Die Stilsaga der Sprachkritik

Der Urahn aller Sprachkritiker – Wustmann möge mir verzeihen – ist Eduard Engel: Die Stillehre dieses Altphilologen – jemand also, der sich mit den alten Sprachen befasst – erreichte in der Kaiserzeit und in der Weimarer Republik unglaubliche 31 Auflagen. Das sind Zahlen, von denen sogar ein Bastian Sick heute träumt. Kurzum: Der «Engel» war in jedem bürgerlichen Bücherschrank zu finden, überall dort, wo ein Filius oder eine Filia mit Schulwissen über deutsche Sprache traktiert wurde.
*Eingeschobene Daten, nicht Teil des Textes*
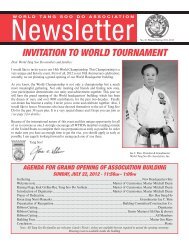 invitation to world tournament - The World Tang Soo Do Association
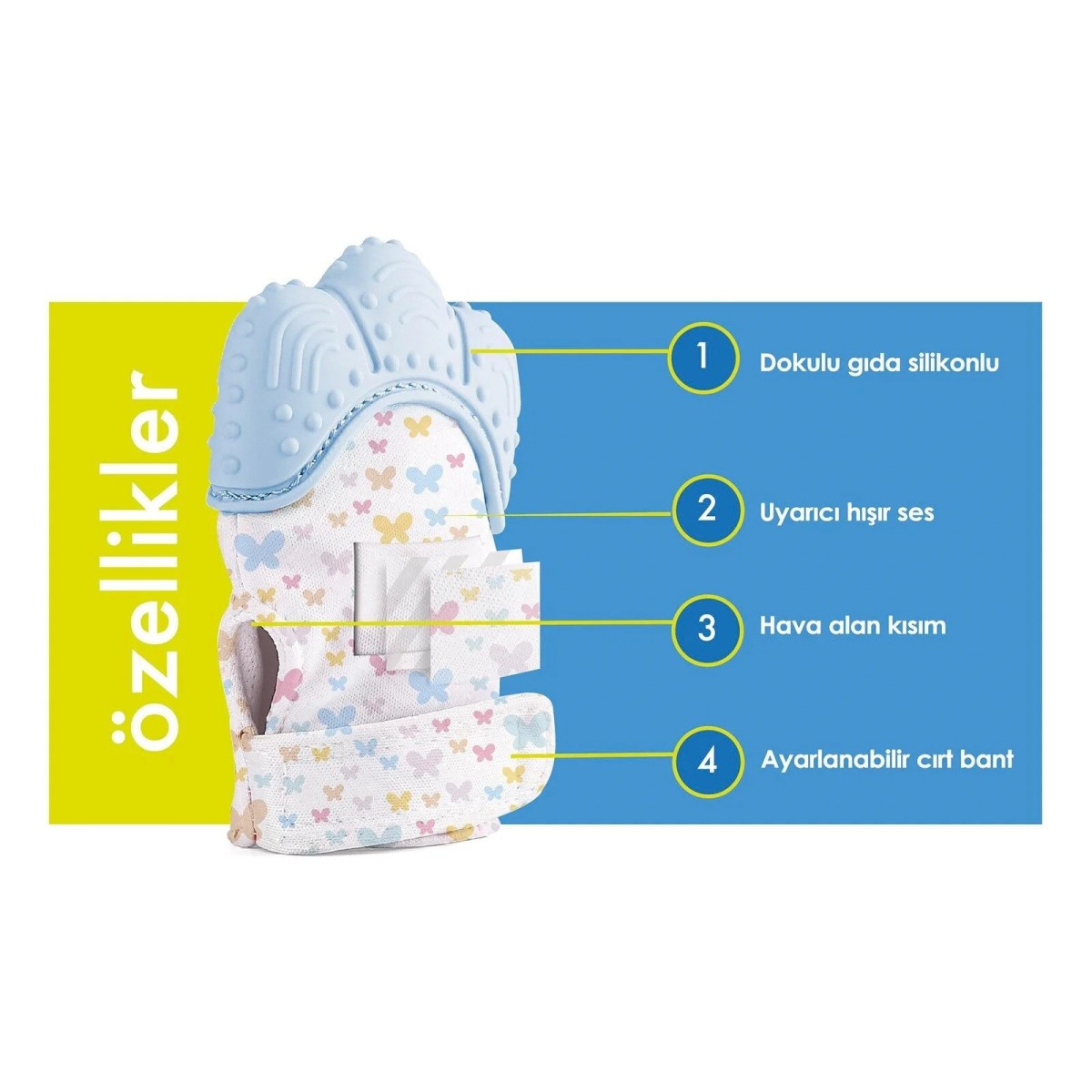 Bebek Dişlik Diş Kaşıyıcı Eldiven Pembe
Das Lustige für heutige Leser an seinen Texten ist, dass sich fast «der gesamte Wolf Schneider» schon «in nuce» hier vorgeformt findet: Der kurze Satz wird gelobt, das Adjektiv verteufelt, die «Fremdwörterei» beschimpft, die Verwechslung von «als» und «wie» mit dem Untergang des germanischen Abendlandes gleichgesetzt – kurzum: alles steht schon dort, wo es gegenwärtig auch im trauten Heim unserer Sprachkritiker zu finden ist. Nur dass Engels Beispiele natürlich noch nicht aus «Zeit» und «Frankfurter Rundschau» stammen können. 
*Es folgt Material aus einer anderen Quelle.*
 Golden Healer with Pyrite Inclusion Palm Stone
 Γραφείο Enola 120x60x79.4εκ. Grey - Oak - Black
Auch das konservative Pathos, das Sprachverfall mit nationalem Untergang gleichzusetzen geneigt ist, tönt hier wie die Posaunen von Jericho. Damals schon heißt es: «Unter allen schreibenden Völkern sind die Deutschen das Volk mit der schlechtesten Prosa». Ein wissenschaftlicher Beleg für diese kühne Behauptung erübrigt sich einst wie heute, so etwas spürt der germanische Recke in seiner Heldenbrust, von Anfang an liest der Areopag der Sprachkritiker im Kaffeesatz: «Diese Tatsache braucht nicht erwiesen zu werden, sie steht nach dem Urteil der berufenen Kenner der Sprache und des Stiles fest» (S. 9). Und damals wie heute war auch schon jeder berufen, ob Industriekaufmann (Ludwig Reiners) oder Journalist (Wolf Schneider), sofern er nur in dieses  Klagelied des sprachkritischen Gesangsvereins aus voller Brust einzustimmen wusste.
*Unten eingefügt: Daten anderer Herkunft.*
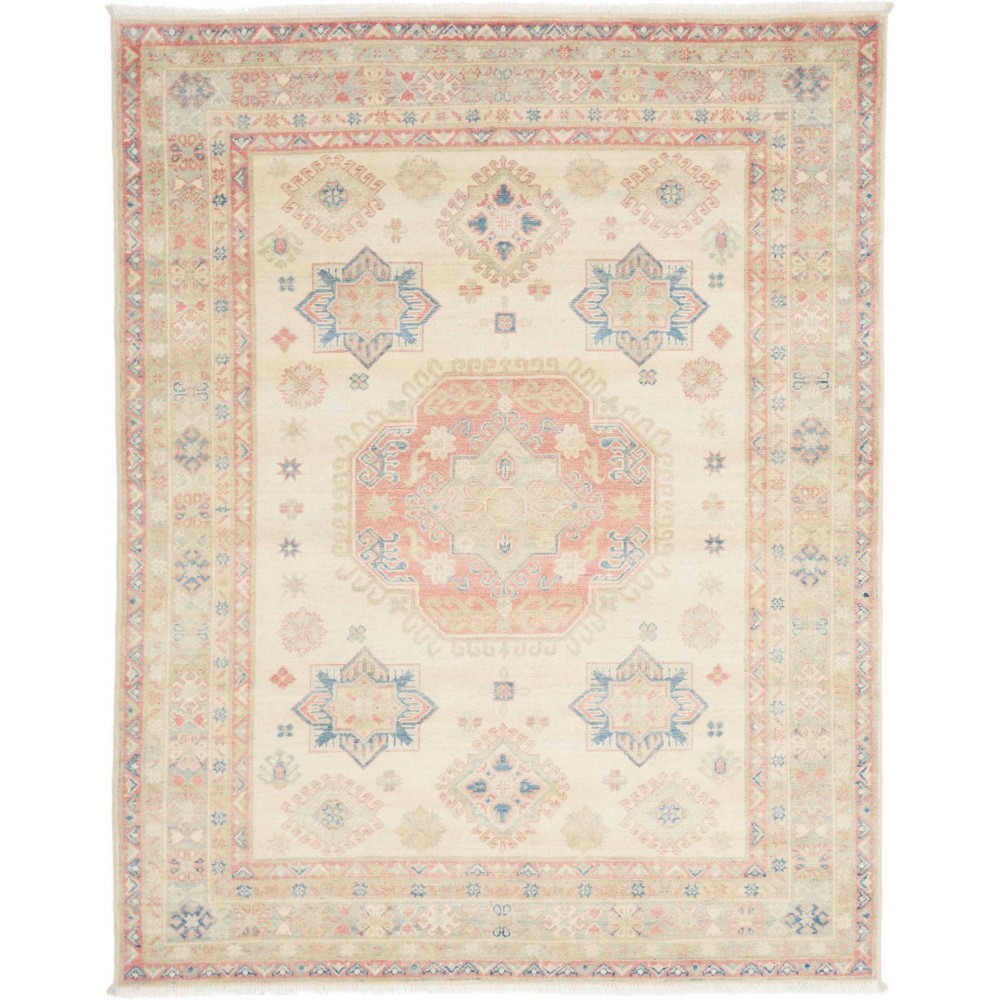 Tappeto Kazak Afghanistan bianco giallo 153x192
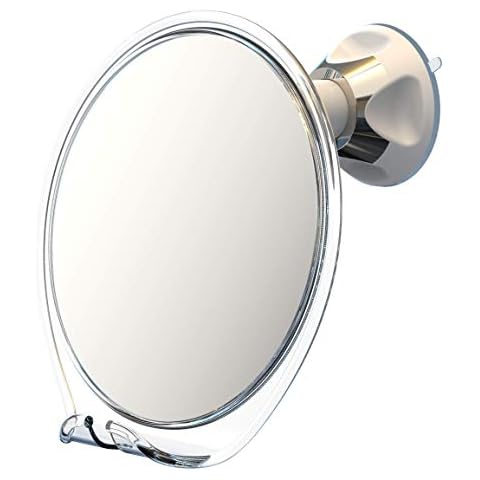 Luxo Shaving Mirror, Shower Mirror with a Razor Holder for Shaving with Powerful Suction Cup - Shatterproof Anti Fog Mirror for Shower (Clear) Cover
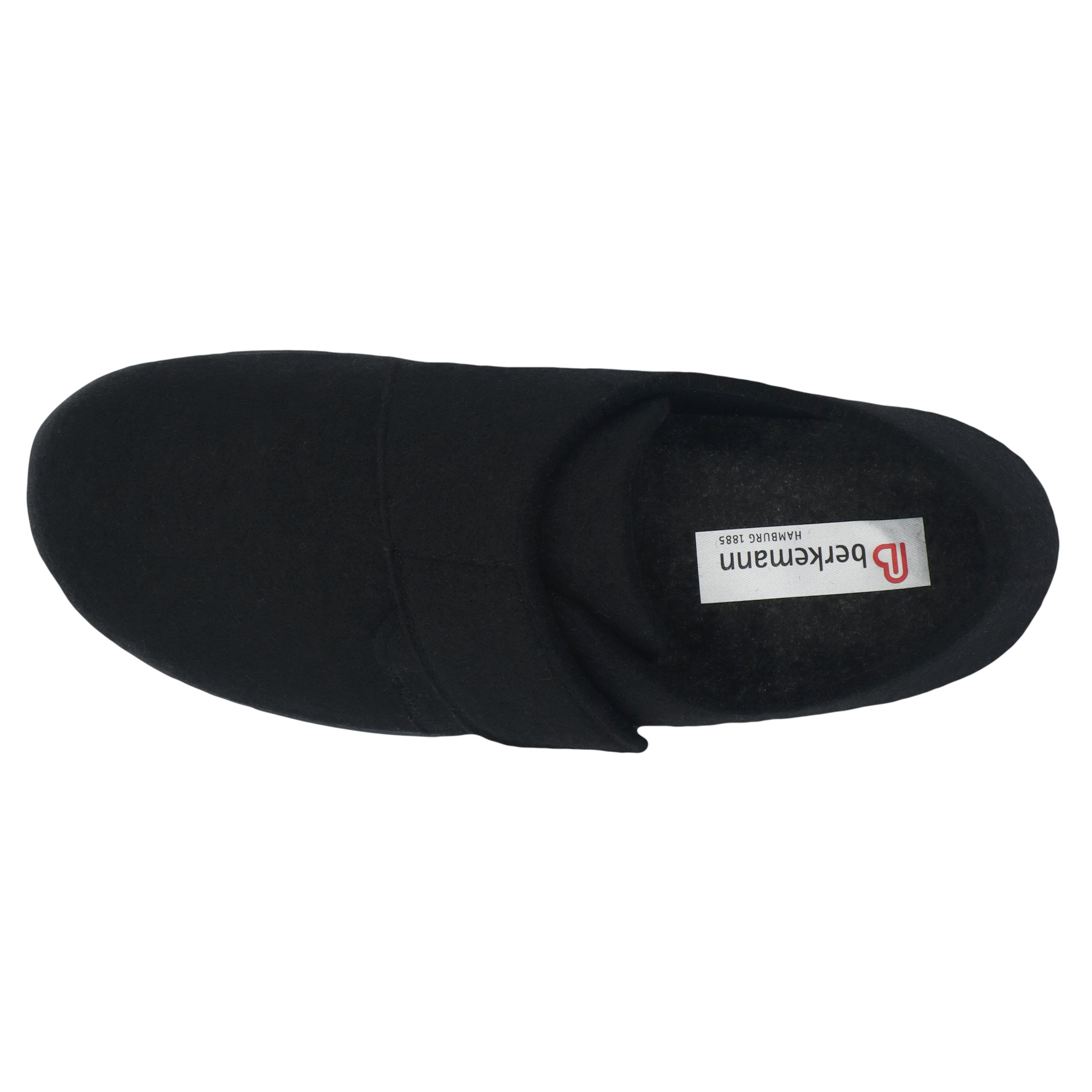 schwarze hausschuhe draufsicht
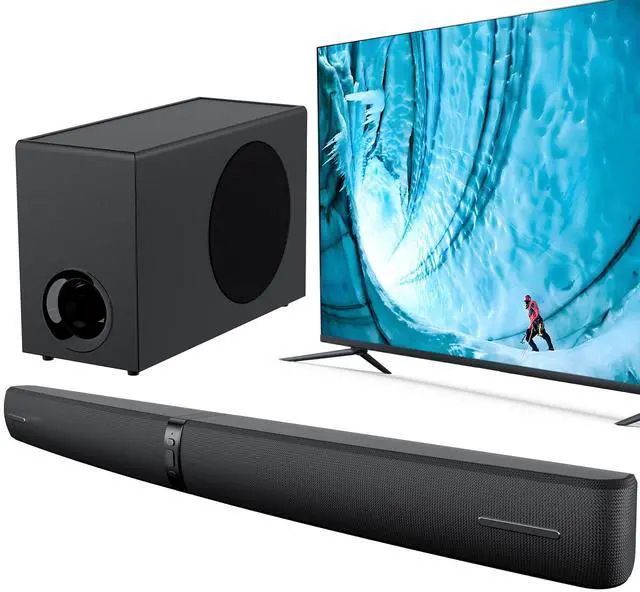 Main image of 2.1 Sound Bar with Subwoofer, 110W Sound Bar for Smart TV with Adjustable Deep Bass & Volume Boost & 3 EQ Modes, Bluetooth/ARC/Opt/AUX, Soundbar for TV/PC/Gaming/Projector (Black)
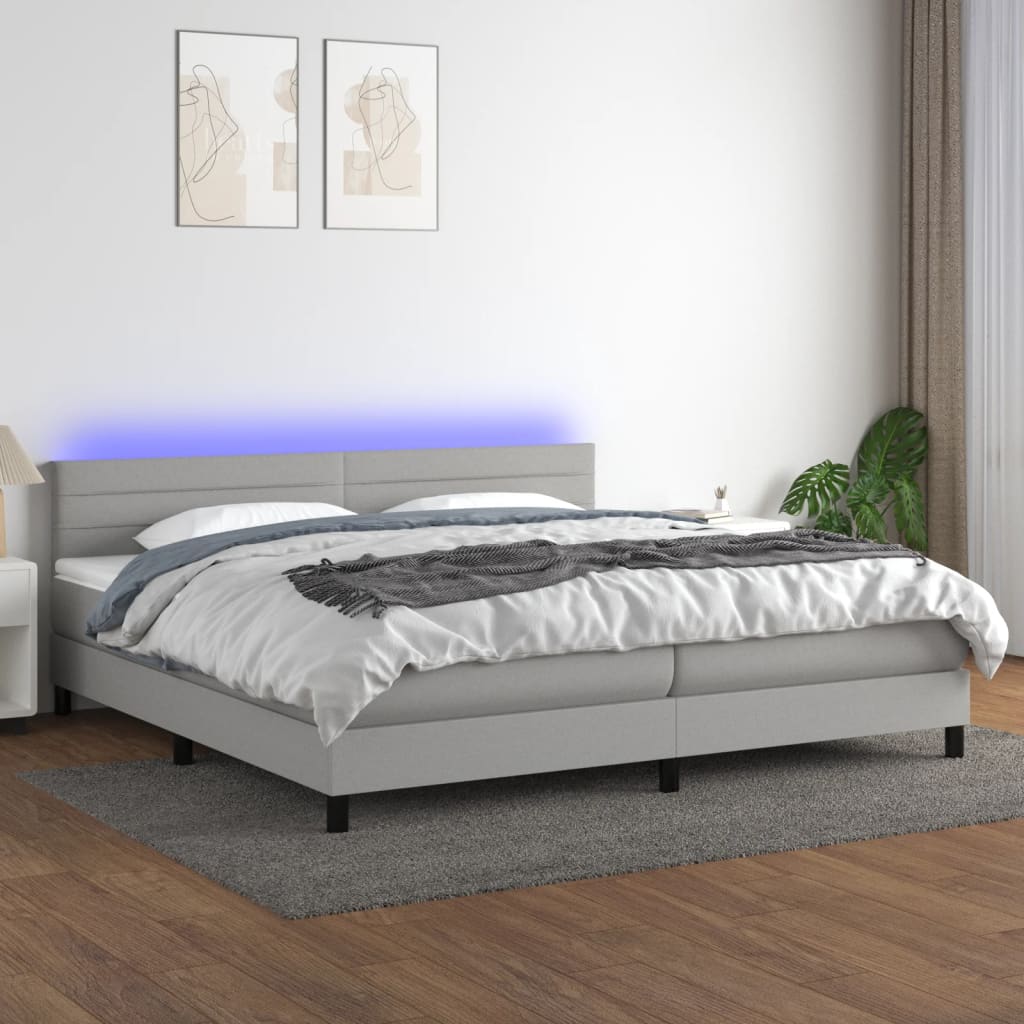 vidaXL Boxspringbett mit Matratze & LED Hellgrau 200x200 cm Stoff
Manche Traditionslinien, die von Engels Sprachkritik aufs nahegelegene politische Gebiet führen, sind nicht nur komisch, sondern erschreckend, wie hier der Gebrauch des Adverbs «minderwertig»: «Das Fremdwort ist minderwertig: jedes Prosastück voll Schwung und Weihe beweist das" (S. 217). Und: «So gemein. wie sie wirklich sind, müssen die Fremdwörter für das Volksgefühl werden» (S. 218). Vielen «Fremden» ging es bekanntlich kurz darauf so …

Wer sich also informieren möchte, wo unsere heutigen Sprachkritiker ihren Most beziehen, der möge an «dem Engel» nicht vorbeigehen – auch deshalb, weil er dann auch auf jene überreiche Zitatquelle stößt, wo schon damals die Beispiele der heutigen Texte sprudelten.